There is no easy fix to financial toxicity among patients who have cancer, and financial toxicity has not been investigated enough even though fixing it can save costs because patients are going to do better, noted Stephen M. Schleicher, MD, MBA, chief medical officer at Tennessee Oncology.
What are some optimal ways to help patients overcome financial toxicity so they will not delay cancer care?
Financial toxicity is a huge problem, and there's no easy answer. If a patient has new lung cancer and needs a PET scan, needs mutational testing, odds are they're going to need immunotherapy. They might have a target where they don't, but they very well could need immunotherapy. That's going to be expensive, but it's also a very effective treatment that's changing how lung cancer is thought of.
But even if you choose the right drugs, even if you only ordered the test absolutely necessary, which will include next-generation sequencing—and that's not the most expensive piece of the pie, but there's a lot of stuff you need full staging—it's going to be expensive. So, there's no easy solution to just fix financial toxicity. Definitely, you have to always do what's appropriate, because that at least limits any unnecessary financial toxicity.

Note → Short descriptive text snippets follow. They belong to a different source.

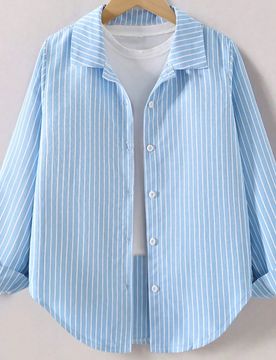 Camisa a rayas azules para niñas con cuello y bajo curvo, uso diario casual, estilo universitario de vuelta a la escuela
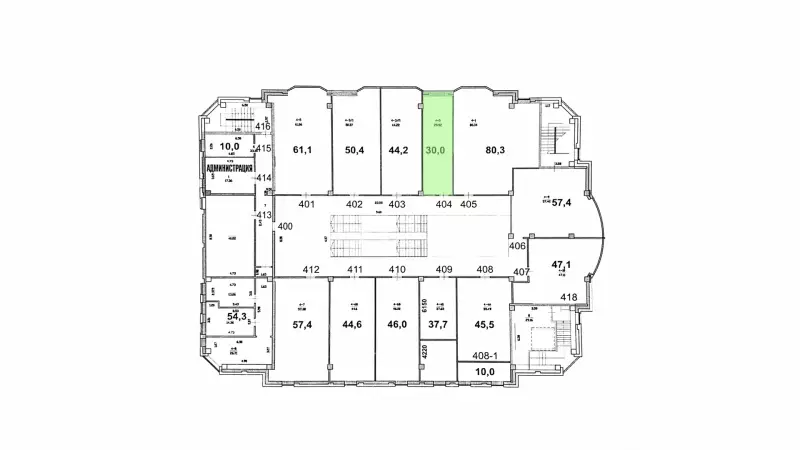 Аренда офиса 29 кв.метров, 4 этаж-99. План объекта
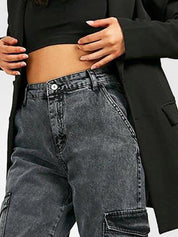 Kotty Women Grey Jean Straight Fit High-Rise Heavy Fade Stretchable Jeans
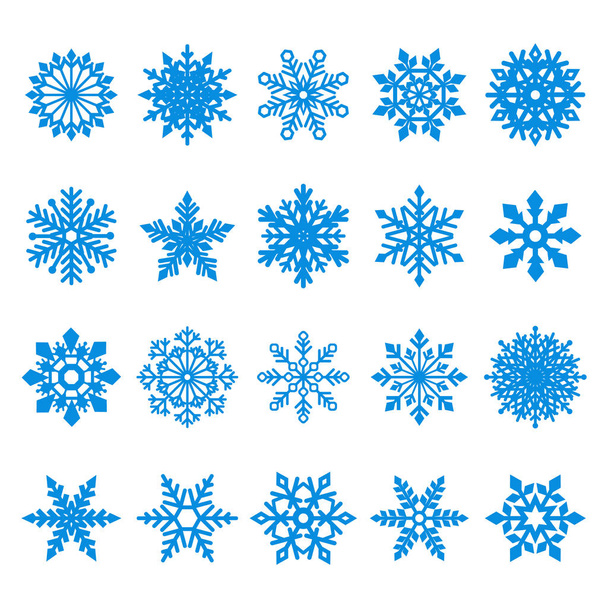 collection of blue  vector snowflakes on white background - Vector, Image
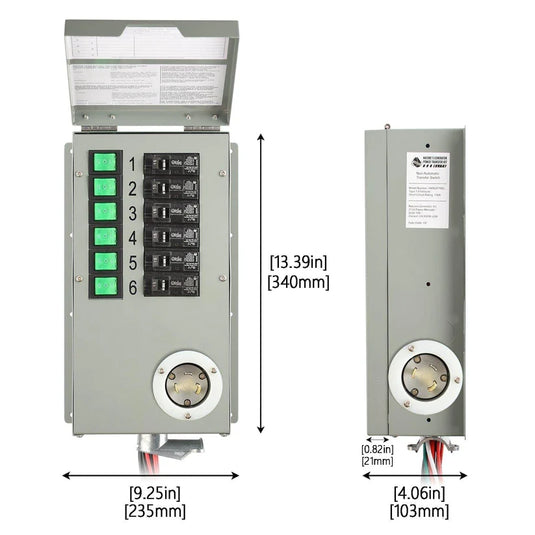 Nature's Generator 120V 30A 6-Circuit Non-Automatic Transfer Switch HKNGPTKEL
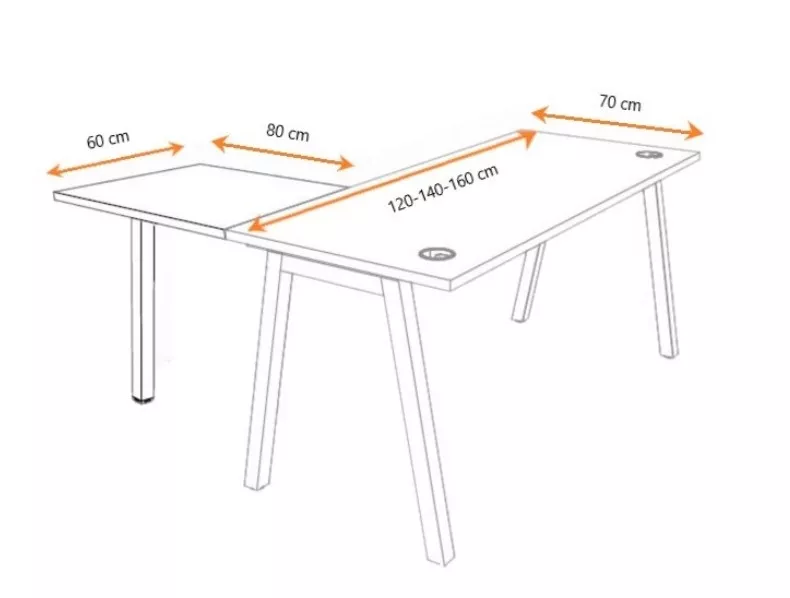 Bureau droit professionnel ATMOSPHERIC - Profondeur 70 cm - Fabrication Fran&ccedil;aise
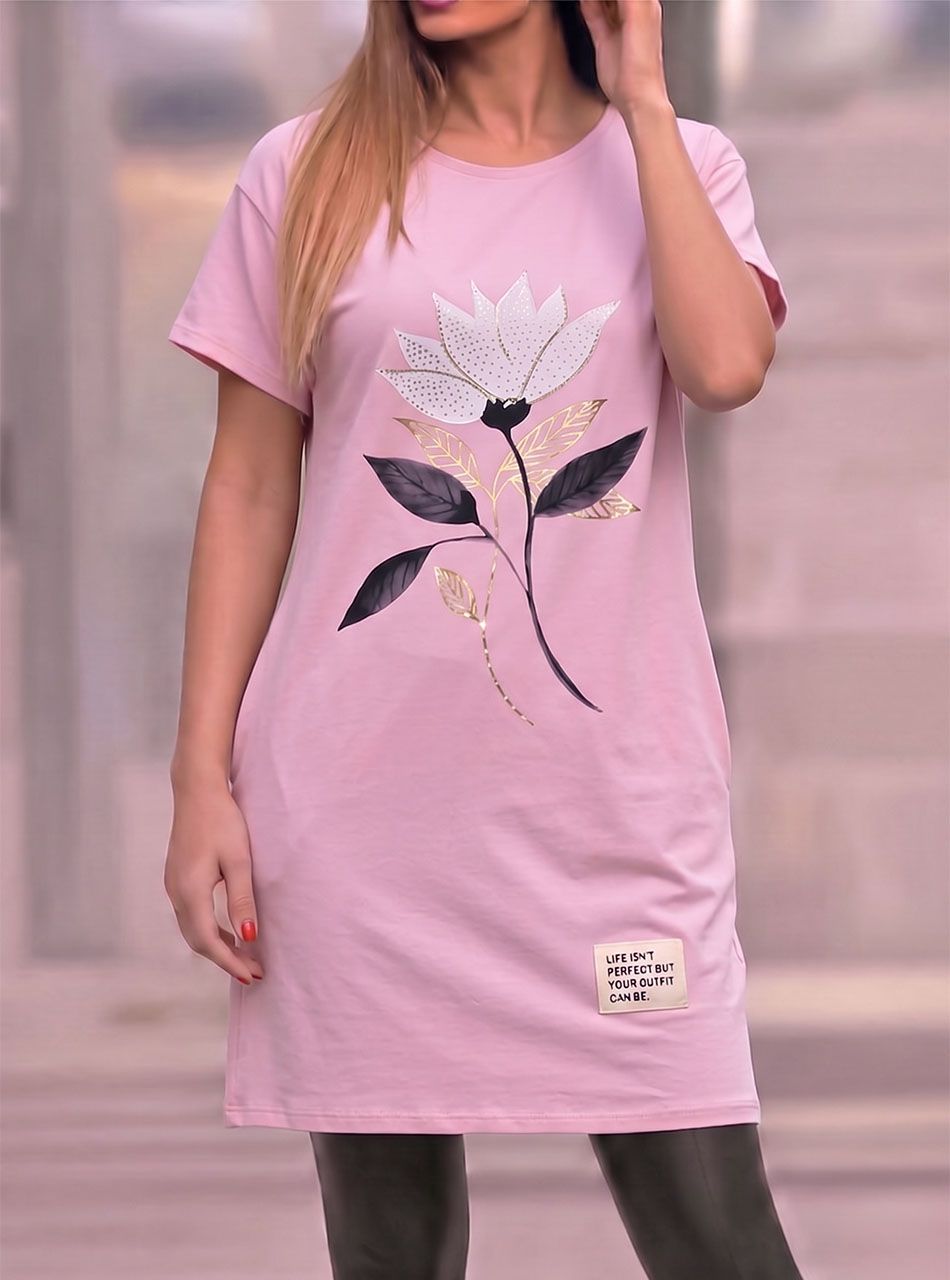 Virág mintás, zsebes tunika (rózsaszín)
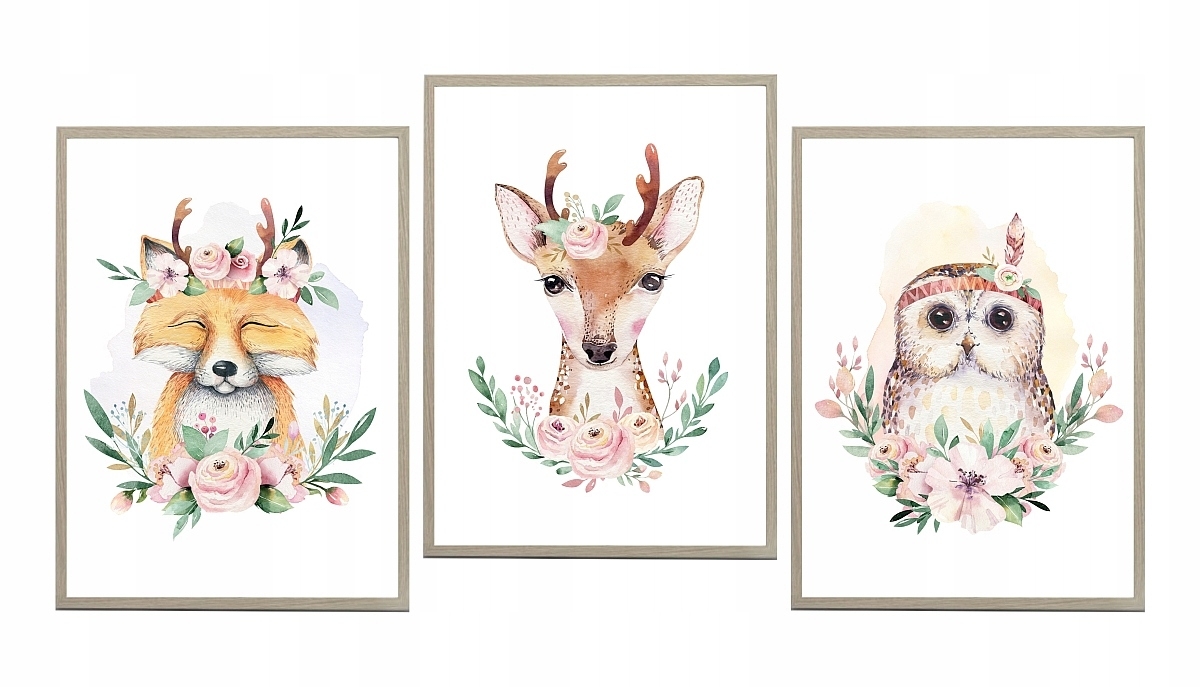 Poster - Hirsch, Fuchs, Eule / 3er-Set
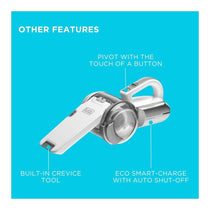 Black & Decker 18V Cordless Compact Pivot Handheld Vacuum Cleaner 0.5 Litres Capacity Dark Titanium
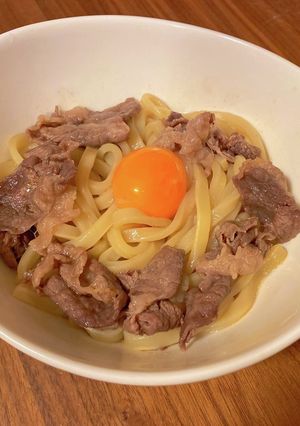 レンジで！簡単肉たまうどん-レシピのメイン写真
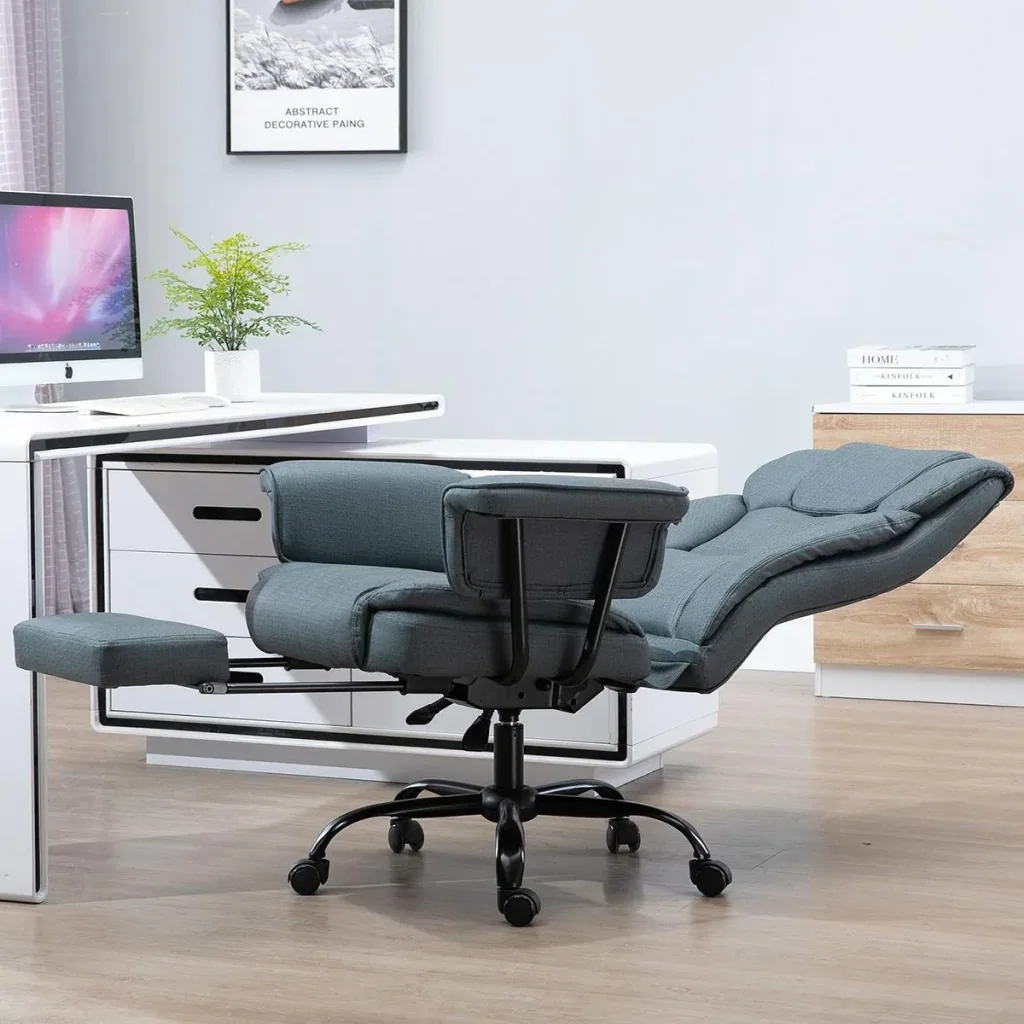 Office chair with footrest grey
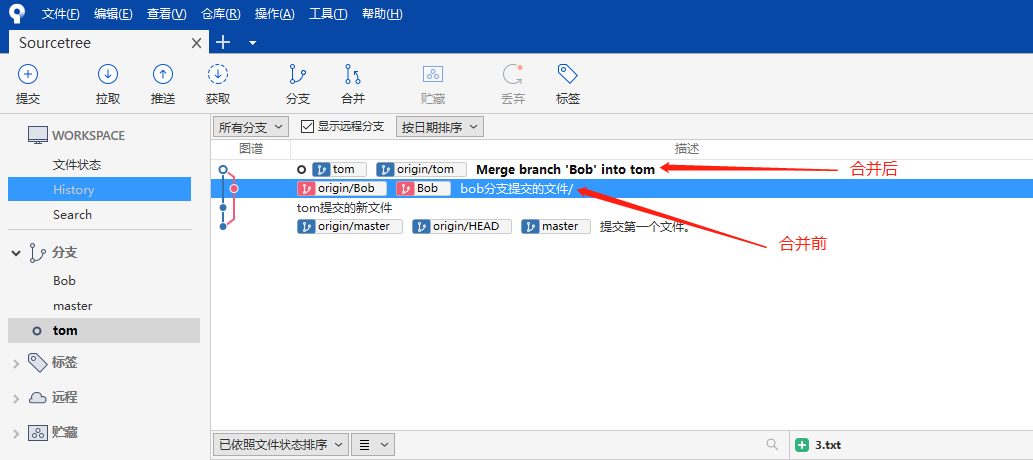 Git 管理工具 SourceTree 的使用（上手简单，不熟悉git命令的开发者必用）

At Tennessee Oncology we are blessed. We take everybody who walks in our door. I don't have to even think about if a patient's insured or not. If that patient needs an immunotherapy, I can order it and don't need permission from anybody and we will eat the costs if we need. We gave $100 million of free drug last year, but we're big so we can do that. But we really rely on great community partners. Community outreach is a huge focus at Tennessee Oncology, because we need to let these partners know how much we appreciate them.
There's a group in Lebanon called Sherry’s Run that helps with a lot of financial support for patients. There are other groups that help focus purely on utilities, transportation, and food.
A good thing about EOM [the Enhancing Oncology Model] is it does focus on social determinants of health. It doesn't fix it, but it's just an acknowledgement. People recognize, you can have all the best drugs in the world, but if a patient can't get to clinic, can't be healthy, doesn't have family support or a fringe support, it's going to be tough. How do we address those? And that's hard, because there's no businesses yet that know how to do that.
So, we rely on our amazing community partners. And it's our job to be great community partners to them and give back to the community. But I would love people to figure out how to make a model work to address those such important pieces of health care that are often forgotten. And not only is that the right thing to do, but if you can help fix those things, it's also going to save cost for the system, because patients are going to do better.
It's in an insurance plan’s, it's in an estate plan’s, it's in the government's plan, it's in their best interest to figure out how to do that and actually aligns what's best for the patient and what's best for the system and will lower costs and improve quality. But it's hard to fix and people haven't focused on it enough yet.